Technically, the above would also work if you use glGetBufferSubData (https://www.opengl.org/wiki/GLAPI/glGetBufferSubData) to read from the value on the CPU before clearing it. But that's a terrible function for performance (it forces a CPU/GPU synchronization).

Instead, if you need to read the value on the CPU, you should set the access flags to GL_MAP_BUFFER_READ_BIT and GL_MAP_PERSISTENT_BIT. Then you use persistent mapping (https://www.opengl.org/wiki/Buffer_Object#Persistent_mapping) to map the buffer once. When you need to read from it, issue the appropriate memory barrier and use synchronization objects (https://www.opengl.org/wiki/Sync_Object) to delay access to it for as long as possible.

Obviously, you can't clear the value until you read from it. Indeed, you may want to use multiple buffers in this case. Frame 1 uses buffer 1, frame 2 uses buffer 2, etc. You can invalidate/clear immediately after reading from each.

kzuiderveld
12-08-2014, 10:04 AM
You've clearly never used the PCI bus before ;)

I actually have, it was more a tongue-in-cheek comment.


you haven't told us everything you're doing with the buffer.

For each frame, I'm creating a linked-list (hence the atomic counter needs to be reset to zero). However, I don't know the length of the linked list in advance, so I need to render a frame, READ THE ATOMIC COUNTER to determine the number of entries generated, check it against the size of the SSOB that contains the linked list, make the SSOB bigger if needed.

So I need to reset the counter and read the counter. Your suggestion of invalidate & clear the buffer data works like a charm, it completely removes the overhead of writing 0 to the counter.

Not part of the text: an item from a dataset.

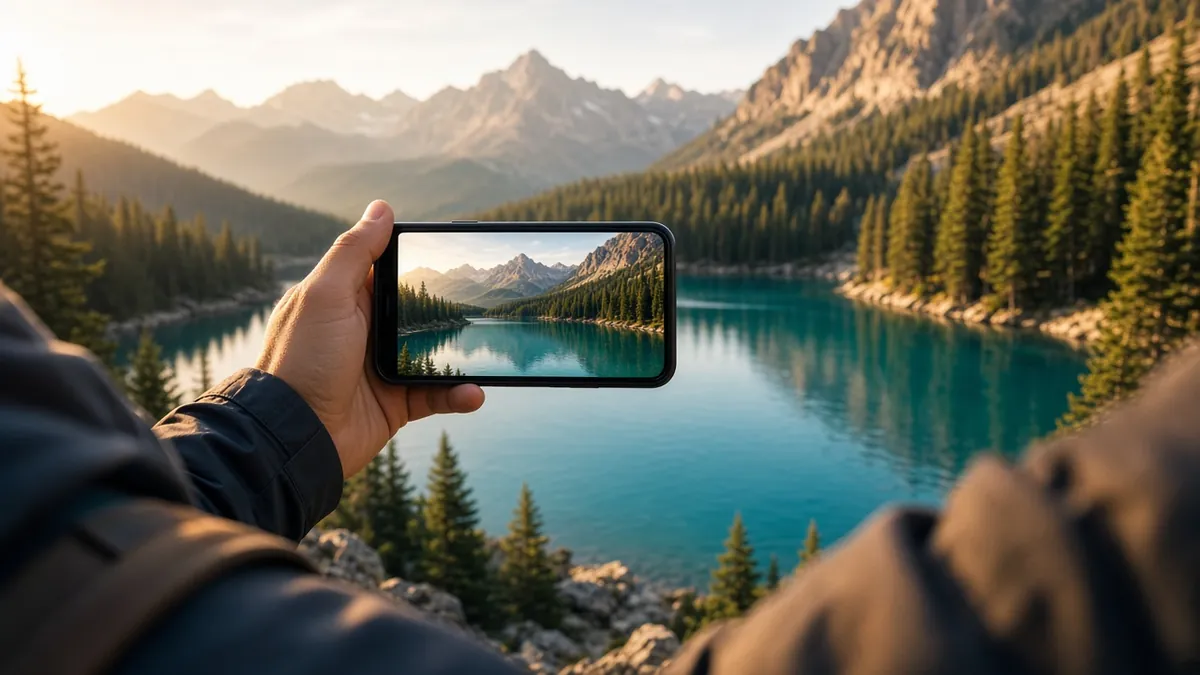 Hiker framing a turquoise mountain lake on a phone at golden hour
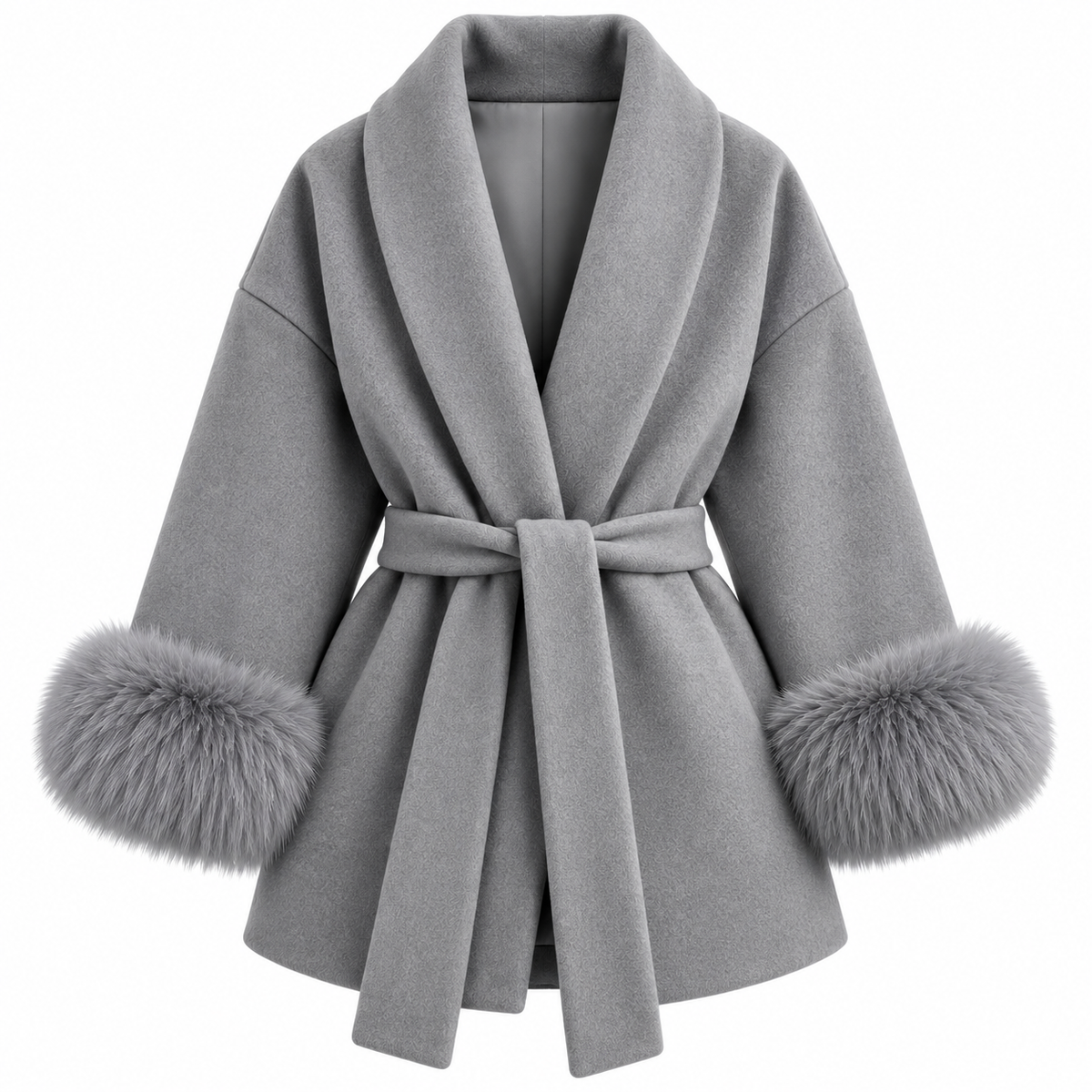 Luxe Fox Fur Wool Overcoat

No sigar on reading the atomic counter though. If I use GL_MAP_READ_BIT and GL_MAP_PERSISTENT_BIT, my compute shader becomes 100x slower likely because the atomic counter doesn't exclusively in GPU memory space anymore. I can't wait for a next frame, need to wait for the result.

It would be great if there would be a way for the GPU to control how sparse buffers/textures are allocated so I can keep everything running on the GPU. But for now, I need to use the CPU to resize the SSOB, so I need to read that atomic counter value.

mbentrup
12-11-2014, 03:22 AM
I actually have, it was more a tongue-in-cheek comment.
So I need to reset the counter and read the counter. Your suggestion of invalidate & clear the buffer data works like a charm, it completely removes the overhead of writing 0 to the counter.


As you have to map the buffer anyway to read the counter, can't you just reset it in the same step ?


I actually have, it was more a tongue-in-cheek comment.
No sigar on reading the atomic counter though. If I use GL_MAP_READ_BIT and GL_MAP_PERSISTENT_BIT, my compute shader becomes 100x slower likely because the atomic counter doesn't exclusively in GPU memory space anymore. I can't wait for a next frame, need to wait for the result.

Well, if the atomic counter is allocated on the CPU, the atomicIncrement has to access it over the PCI bus....

For a use case like this a Query object would be ideal, because they are designed to get the result to the CPU as fast as possible. However, there are no user queries in OpenGL, so you'd have to hijack one of the system queries, e.g. render to a 1x1 FBO and count SAMPLES_PASSED.